Texas Tech University has said it cancelled a so-called anti-racism seminar that segregated students by race.
The Daily Caller News Foundation reported that the university said it had cancelled the seminar, after the Young America’s Foundation (YAF) revealed the segregation through a Freedom of Information Act (FOIA) request.
“Upon reviewing materials from the ‘Deeply Rooted Conversations’ discussion series, we learned that some of the content does not align with our university values, and we have discontinued this program,” Texas Tech spokesman Matt Dewy told the Caller.
YAF’s Kara Zupkus reported on Thursday that the organization had received documents showing Texas Tech segregated its students by race during “anti-racism” training. Video footage revealed by YAF showed Mica Curtis-Wilson, who the Caller reported is no longer employed at the university, telling students and faculty to separate according to skin color. The groups were referred to as the “BIPOC affinity space” and the “Ally affinity space.” The groups were part of the “Allyship and Co-Conspirator” session of the training, which was called the “Deeply Rooted Conversations.”
“We are breaking up into two separate rooms just to facilitate conversation…and also to allow those who identify with each other to be able to communicate ways in which we can be better allies in different spaces,” Curtis-Wilson said in the video.
“If I accidentally move you to the wrong room please just let me know,” she added, saying she was segregating students based on their registration. “The point of this is to be able to identify how we experience these concepts and ideas and deeply listen to others and how they understand these ideas.”
Students were also segregated during the “Understanding Whiteness and White Allyship” and the “Racial Battle Fatigue” sessions.
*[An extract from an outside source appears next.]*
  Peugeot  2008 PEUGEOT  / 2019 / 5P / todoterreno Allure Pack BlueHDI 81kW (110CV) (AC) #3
More from YAF:
During the “Understanding Whiteness and White Allyship” session, TTU administrators listed law enforcement as an example of “white supremacy.”
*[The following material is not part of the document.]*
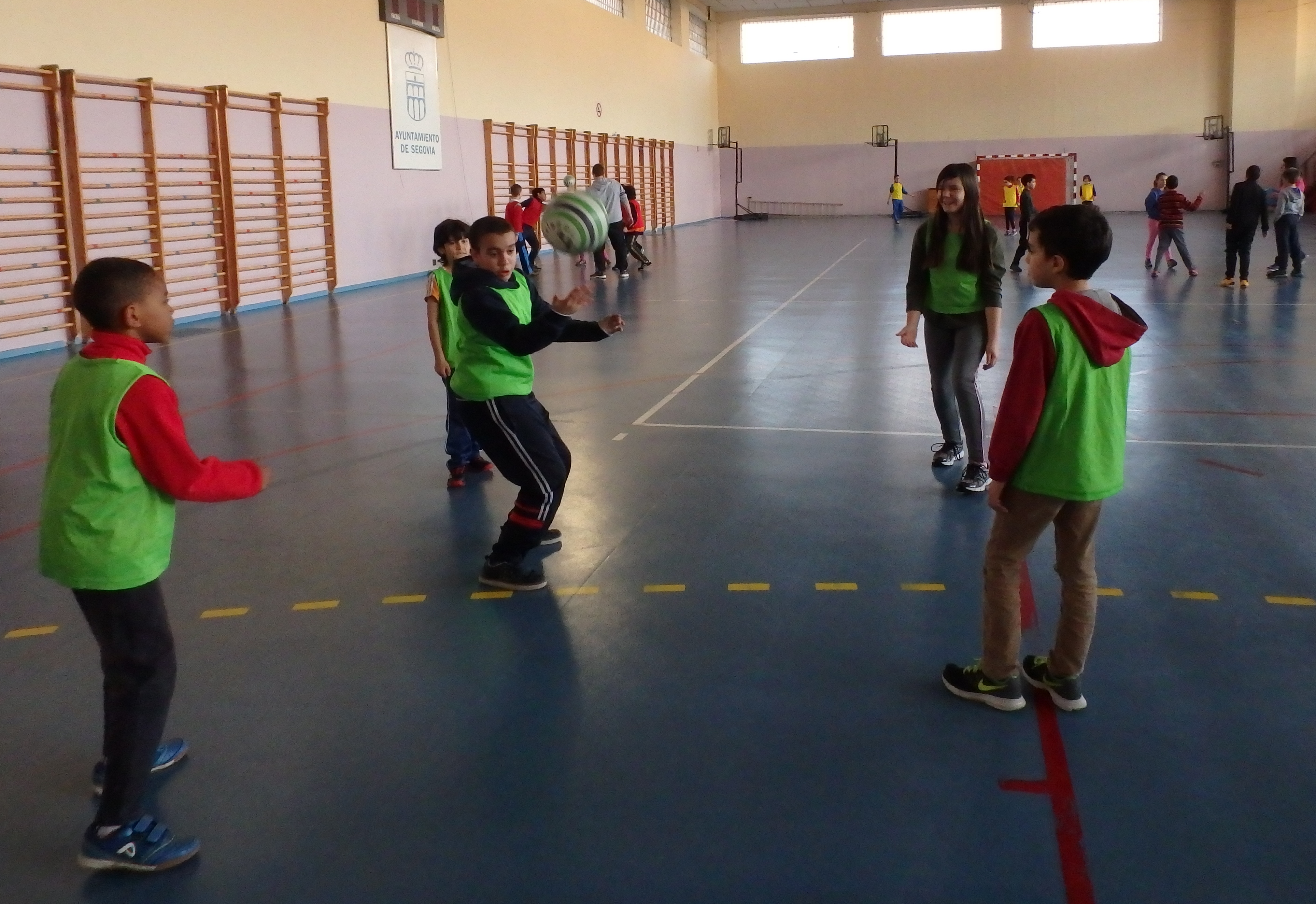 Deporte Escolar: variedad deportiva y equipos mixtos en los encuentros de los viernes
Another aspect of the training asked students and faculty to reflect on “When have my racist ideas and actions affected others?” and “How have I benefitted from my privilege…?”
In addition to law enforcement, “immigration laws,” and “service institutions” as examples of white supremacy.
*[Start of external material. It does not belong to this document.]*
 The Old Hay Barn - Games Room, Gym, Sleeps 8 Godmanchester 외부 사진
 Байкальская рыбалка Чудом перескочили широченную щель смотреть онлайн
YAF said it obtained the information through the FOIA request after a student tipped them off. Dewey, the university spokesman, defended the trainings by calling them “optional educational opportunity conversations.”
“When they registered, they self-identified…if they wanted to switch they could do that at any time,” he reportedly told YAF.
“This was an opportunity for people to discuss their individual experiences both on our campus and in their lives more broadly. I think in a lot of these situations it’s kind of a personal reflection and then they come back together and kind of discuss within the broader group,” he added.
Dewey later told the Caller that the seminar “was not part of the sanctioned academic curriculum at Texas Tech University.”
“It was a series of strictly voluntary, optional discussions offered as part of a pilot program to students who were interested in participating through the Division of Diversity, Equity & Inclusion,” he added.